The Local Government Association of SA is working with Primary Producers SA on ways to alleviate the upcoming rates burden on farmers, without affecting the councils’ cashflow.
An Advertiser survey found primary producers faced rate hikes of 3 to 9.5 per cent, with some regional councils receiving up to 70 per cent of their rate revenue from farmers.
LGA SA president Heather Holmes-Ross said one proposal, in its infancy, was for the state government to offer a financing option so councils could defer rates for farmers and businesses without impacting cashflow or services.
She added the LGA wanted a “commonsense” approach to the landscape levy – which councils collected on rates notices on behalf of the government and was worth about $61m.
“At the moment, councils must pay the state government regardless of whether ratepayers can, and that creates unnecessary financial strain, particularly during drought,” she said.
“If more people need to defer their rates, the pressure on council budgets grows – and in smaller communities that limits what councils can deliver.”
Coorong District Mayor and farmer Paul Simmons said its council started considering impacts on its cash flow during 2024-25, as farmers suffered from their driest season on record.
“The challenge we have in local government is that the more rural the council, the more road network and the more likely you’ll struggle to be sustainable,” Mr Simmons said.
“Costs have exploded and we’re in a challenging position of how we provide for rural communities with an expectation to replace ageing infrastructure.
“Some rural councils are relying on the rural rate income for their towns – for some it’s 70-80 per cent – so their cash flow will be crunched.”
Mr Simmons, who represents the LGA on the government’s drought roundtable, said if rates could be deferred for farmers, it could be “$10,000 back in the farmer’s pocket to pay the bills, put his crop in or feed his sheep”.

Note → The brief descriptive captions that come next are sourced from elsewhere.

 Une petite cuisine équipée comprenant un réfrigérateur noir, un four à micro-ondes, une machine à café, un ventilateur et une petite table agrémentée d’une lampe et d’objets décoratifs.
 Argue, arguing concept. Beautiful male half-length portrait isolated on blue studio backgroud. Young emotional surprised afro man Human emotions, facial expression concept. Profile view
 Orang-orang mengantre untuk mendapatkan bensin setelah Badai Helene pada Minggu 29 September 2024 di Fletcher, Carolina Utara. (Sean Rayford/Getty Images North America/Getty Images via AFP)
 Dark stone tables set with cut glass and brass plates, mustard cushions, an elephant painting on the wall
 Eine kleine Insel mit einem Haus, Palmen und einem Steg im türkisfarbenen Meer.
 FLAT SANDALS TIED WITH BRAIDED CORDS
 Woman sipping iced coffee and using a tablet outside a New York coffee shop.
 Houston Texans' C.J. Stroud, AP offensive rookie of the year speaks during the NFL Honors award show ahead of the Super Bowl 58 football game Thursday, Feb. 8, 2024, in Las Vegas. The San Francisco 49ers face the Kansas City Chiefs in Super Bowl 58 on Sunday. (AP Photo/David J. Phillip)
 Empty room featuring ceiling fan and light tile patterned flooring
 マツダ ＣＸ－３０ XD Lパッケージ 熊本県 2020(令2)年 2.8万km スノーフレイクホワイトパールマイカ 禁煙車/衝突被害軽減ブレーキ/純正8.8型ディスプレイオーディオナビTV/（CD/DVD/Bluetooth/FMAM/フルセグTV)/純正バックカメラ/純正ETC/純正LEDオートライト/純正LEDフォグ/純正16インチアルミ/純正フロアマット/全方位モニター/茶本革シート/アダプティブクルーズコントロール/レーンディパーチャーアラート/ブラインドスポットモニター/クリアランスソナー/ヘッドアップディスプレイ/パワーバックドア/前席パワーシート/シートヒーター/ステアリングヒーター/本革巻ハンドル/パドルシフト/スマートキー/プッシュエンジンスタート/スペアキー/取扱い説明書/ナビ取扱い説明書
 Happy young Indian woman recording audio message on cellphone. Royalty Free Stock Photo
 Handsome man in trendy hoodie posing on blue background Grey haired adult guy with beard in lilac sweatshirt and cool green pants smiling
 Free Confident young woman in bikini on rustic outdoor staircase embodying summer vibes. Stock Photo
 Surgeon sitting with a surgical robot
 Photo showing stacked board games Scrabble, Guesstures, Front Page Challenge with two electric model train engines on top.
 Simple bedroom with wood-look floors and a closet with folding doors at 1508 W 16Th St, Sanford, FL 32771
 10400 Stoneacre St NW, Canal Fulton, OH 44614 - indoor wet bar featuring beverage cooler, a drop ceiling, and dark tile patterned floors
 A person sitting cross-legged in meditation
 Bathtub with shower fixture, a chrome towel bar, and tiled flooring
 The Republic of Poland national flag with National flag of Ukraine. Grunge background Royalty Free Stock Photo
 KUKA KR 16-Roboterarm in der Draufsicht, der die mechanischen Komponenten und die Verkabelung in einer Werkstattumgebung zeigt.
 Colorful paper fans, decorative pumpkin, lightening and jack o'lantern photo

As well as rates, councils relied on federal government assistance grants to provide services and maintain roads, however grants funding has nearly halved in the past 30 years.
Victor Harbor Council’s proposed primary production rate rise was 8 per cent, down from 15 last financial year, following budget discussions on best ways to support farmers.
A council spokeswoman said the council had also introduced a farm business support program which provided up to $2500 to cover operational costs such as power bills and fodder.
The council website stated 14 applications had been approved as of May 21 and ‘many (recipients) have expressed sincere gratitude … a few recipients were even moved to tears’.
Flinders Ranges Council chief executive Sean Holden said while its council was yet to consider its draft budget, “strong consideration” would be those affected by the drought.
“The council … is only too aware of the high cost of living compacted by the worst drought in 150 years and three consecutive years of failed crops,” Mr Holden said.